Andrew Bailey, Londra’nın önde gelen isimlerine yaptığı konuşmada, Banka’nın Brexit konusunda bir “pozisyon” almanın görevleri olmadığını ancak sonuçları belirtmekle yükümlü olduğunu ifade etti.
The Times’ın haberine göre Başkanın, Avrupa Birliği’nden ayrılma oylamasıyla ilgili önceki kamu açıklamalarından çok daha ileri giden yorumlarının, yeni hükümetin daha yakın bir ticaret ilişkisi müzakere etme konusunu önceliklendirmesi nedeniyle, Downing Street tarafından olumlu karşılanması bekleniyor. Özellikle, Sir Keir Starmer mevcut post-Brexit ticaret anlaşmasının gözden geçirilmesini, Manş Denizi’ni geçiş yapan ürünler üzerindeki kontrollerin azaltılmasını ve Birleşik Krallık profesyonel niteliklerinin AB’de tanınmasını sağlamak istiyor.

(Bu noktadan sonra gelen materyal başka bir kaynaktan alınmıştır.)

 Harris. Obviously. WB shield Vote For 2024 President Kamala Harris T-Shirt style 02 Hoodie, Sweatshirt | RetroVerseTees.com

“BEN DOĞRUDAN BİR POZİSYON ALMIYORUM”
Bailey, AB ile değişen ilişkinin ekonomiye “baskı yaptığını” belirtti. “Bir kamu görevlisi olarak, Brexit hakkında doğrudan bir pozisyon almıyorum. Ancak sonuçları belirtmek zorundayım. Ticaret üzerindeki etki, görünüşe göre mallarda hizmetlerden daha fazla… Ve bu, ilişkileri yeniden inşa etme fırsatlarına karşı dikkatli olmamız ve Britanya halkının kararını saygıyla karşılamamız gerektiğini vurguluyor.”
Bailey, Birleşik Krallık’ın aynı zamanda “küresel ekonominin daha geniş parçalanmasının” esintileriyle de karşılaştığını kaydetti.; bu yorum, Donald Trump’ın, ABD başkanlık seçimindeki zaferi bağlamında değerlendiriliyor.

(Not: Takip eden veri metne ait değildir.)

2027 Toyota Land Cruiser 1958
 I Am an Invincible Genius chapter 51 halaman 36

Trump, Birleşik Krallık da dahil olmak üzere ithalat ülkelerine %20’ye, Çin’e ise %60’a kadar tarifeler getireceğini bildirdi. Bazı ekonomistler, bunun küresel bir ticaret savaşını tetikleyebileceğinden endişe ediyor.
İşçi Partisi’nin, Trump’ın zaferine yanıt olarak, dijital hizmetler ve teknoloji gibi ortak çıkar alanlarına odaklanan sınırlı bir ticaret anlaşması güvence altına almak için çaba harcaması bekleniyor. Bakanlar, tarım ve sağlık gibi alanlarda Birleşik Krallık ile ABD arasındaki farklılıklar nedeniyle tam kapsamlı bir ticaret anlaşmasının mümkün olmadığını düşünüyor.